__Data provided__:

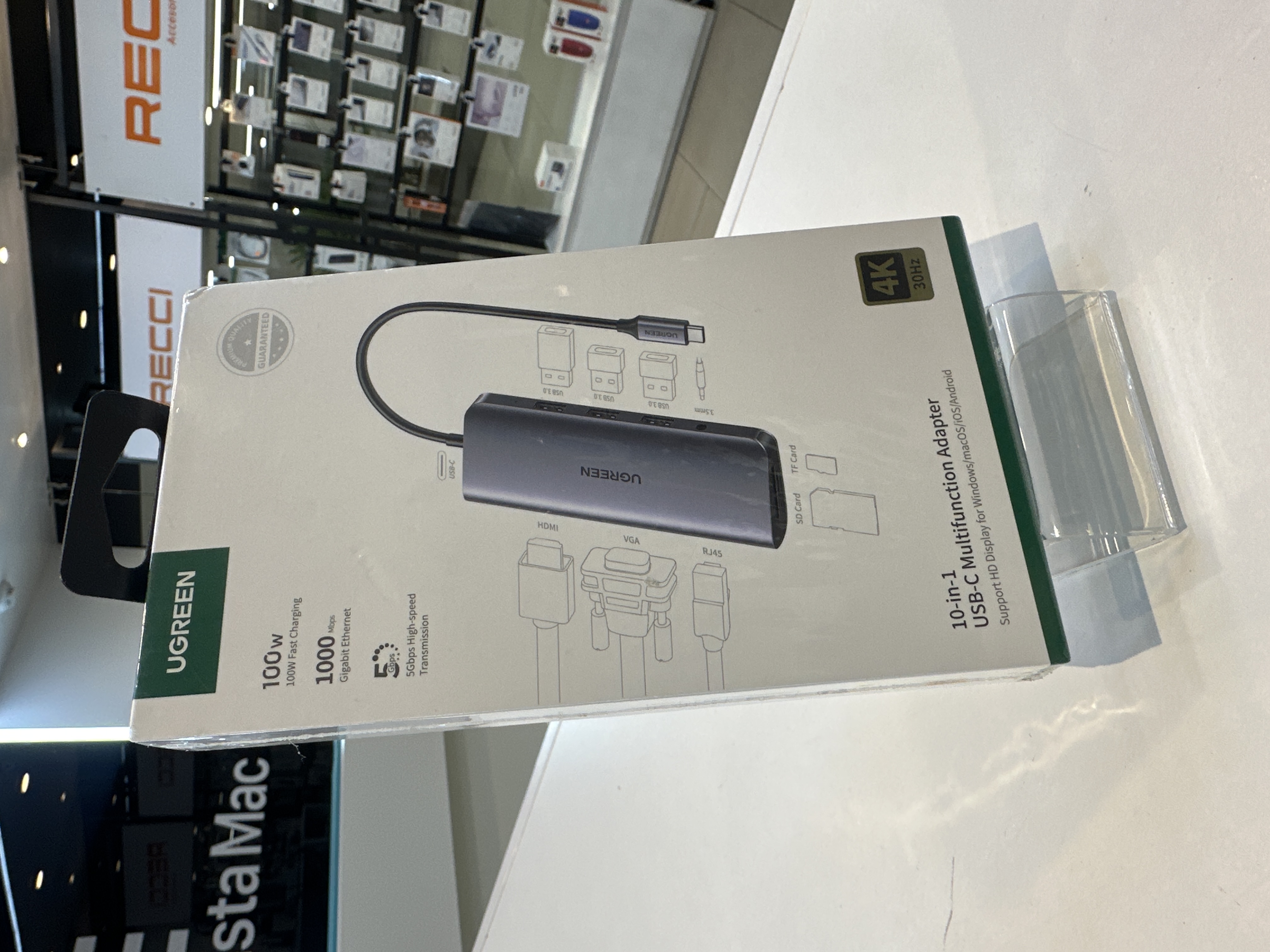 ADAPTADOR MULTIFUNCIONAL USB C 10 EN 1 80133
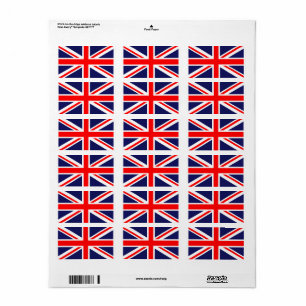 British Flag Label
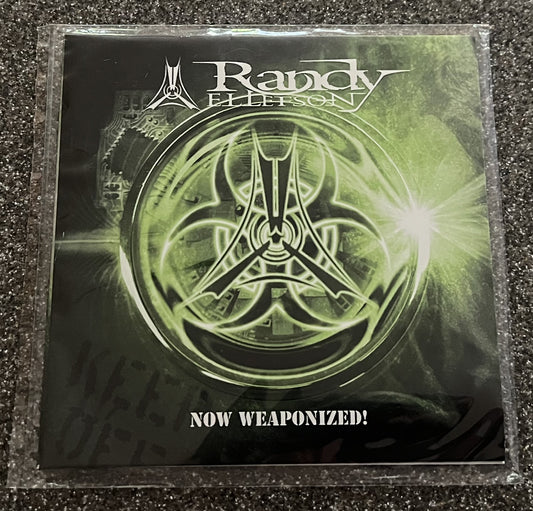 Now Weaponized Randy Ellefson Jacket Sleeve CD Hard Rock Instrumental Guitar Album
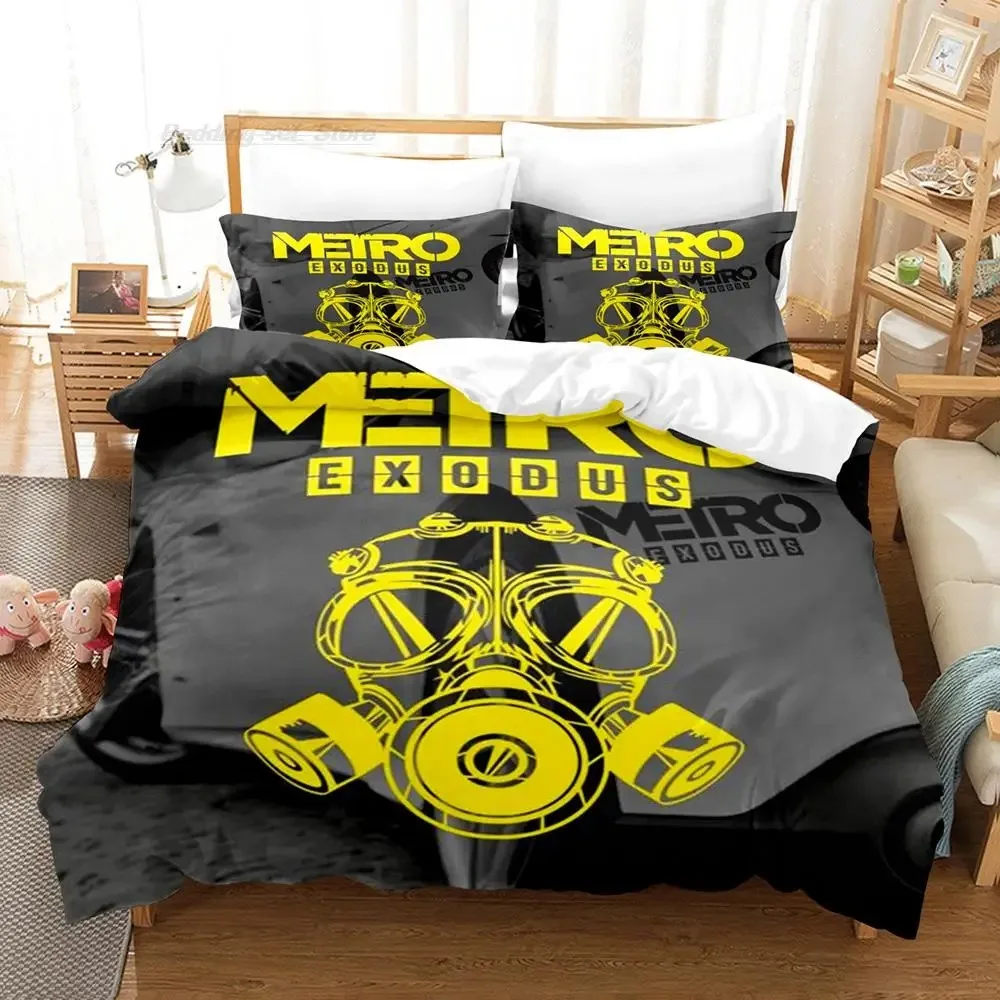 3D Printing Aliexpress - Zestaw pościeli Metro Exodus, pojedynczy, podwójny,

__Aim of the exercise__: Give the data above again, exactly and completely. No pictures go in.

__Output of the exercise__:
 ADAPTADOR MULTIFUNCIONAL USB C 10 EN 1 80133
 British Flag Label
 Now Weaponized Randy Ellefson Jacket Sleeve CD Hard Rock Instrumental Guitar Album
 3D Printing Aliexpress - Zestaw pościeli Metro Exodus, pojedynczy, podwójny,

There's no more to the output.